January 10, 2015

Another Innocent Man Cleared in Brooklyn

Ret. Dt. Louis Scarcella
The other day, Justice Raymond Guzman, sitting in Kings County Supreme Court, vacated the conviction of Derrick Hamilton, who had spent more than 20 years in prison for a crime he did not commit. No, this is a not a repeat of prior posts (Here, here, and here, for example). Hamilton was released on parole in 2011, and now is entirely free.

As the NY Law Journal notes, "The vacatur is the latest in a growing list of convictions that District Attorney Kenneth Thompson has deemed unjust.
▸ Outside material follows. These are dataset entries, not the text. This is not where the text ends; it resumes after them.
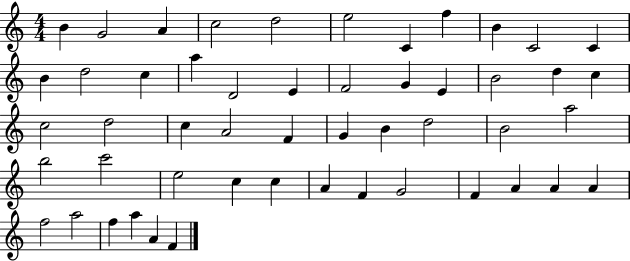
X:1
T:Untitled
M:4/4
L:1/4
K:C
B G2 A c2 d2 e2 C f B C2 C B d2 c a D2 E F2 G E B2 d c c2 d2 c A2 F G B d2 B2 a2 b2 c'2 e2 c c A F G2 F A A A f2 a2 f a A F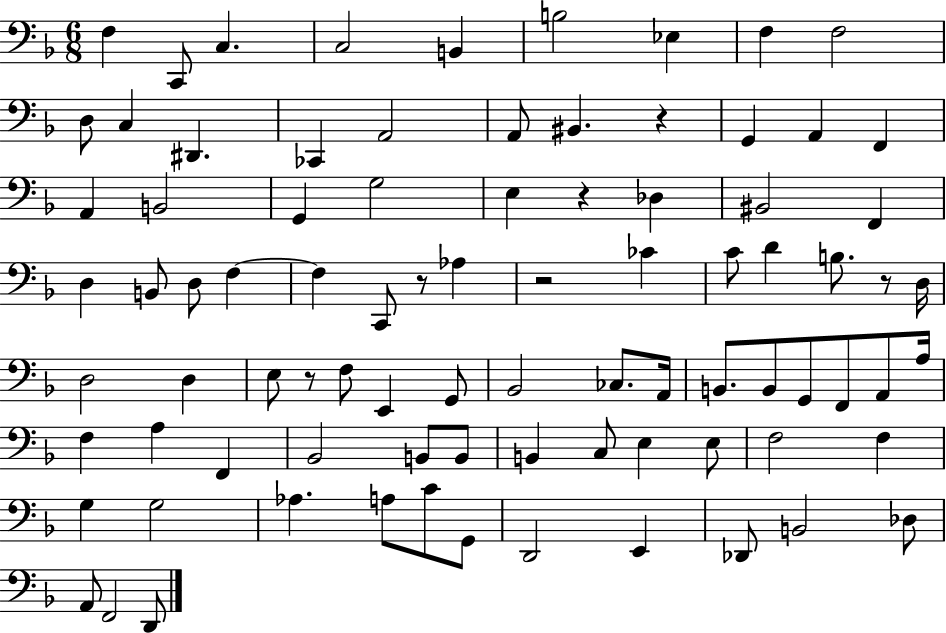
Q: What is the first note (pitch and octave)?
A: F3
Since Thompson became the borough's top prosecutor last year, his office has undone 10 convictions and dropped the appeal of a habeas grant to an 11th man." What is notable is not simply that four of these convictions flowed from arrests by NYPD detective Louis Scarcella, or that of the remaining 100 convictions that Thompson intends to review, 70 involve Scarcella. Rather, it is that Thompson still refuses to offer any broad criticism of Scarcella's work.

In Hamilton's case, he was convicted in large part based on testimony by Jewel Smith, the victim's girlfriend. At the scene, she told police she had not seen the shooter. She changed her story later, identifying Hamilton as the man she saw shoot Nathaniel Cash in the chest (although records indicate that Cash was shot in the back). Shortly after the trial and conviction she testified that Scarcella pressured her into naming Hamilton. The prosecutors acknowledged that Smith was so unreliable that using her as a witness violated Hamilton's due process rights, which was the basis for vacating the conviction.

Prosecutors, however, refused to concede that Hamilton was actually innocent (even after a hearing ordered following Hamilton's appellate victory in January 2014, where the NY Appellate Division for the Second Department found that actual innocence was a free-standing ground to vacate a conviction).

Although Scarcella's highly dubious track record warrants close scrutiny, and while one could be forgiven for believing that, where there's an incredible amount of billowing smoke, there's fire, no judge or jury has yet to formally conclude that Scarcella was securing arrests, prosecutions, and convictions by pressuring witnesses into fabricating evidence. David Ranta would certainly have brought a lawsuit based on his wrongful conviction, but Comptroller Scott Stringer offered him millions not to sue, which Ranta reasonably accepted.

So, good for Derrick Hamilton, who has been waging the good fight for many years. And a tip of the the hat to Ken Thompson for his Conviction Review Unit's continued work. But the refusal to condemn Scarcella is troubling. Yes, I get that publicly damning him in general terms would make a future investigations into his other closed cases difficult, but the notion that these reversals are not evidence of misconduct by Scarcella, as his lawyers strenuously argue, is absurd.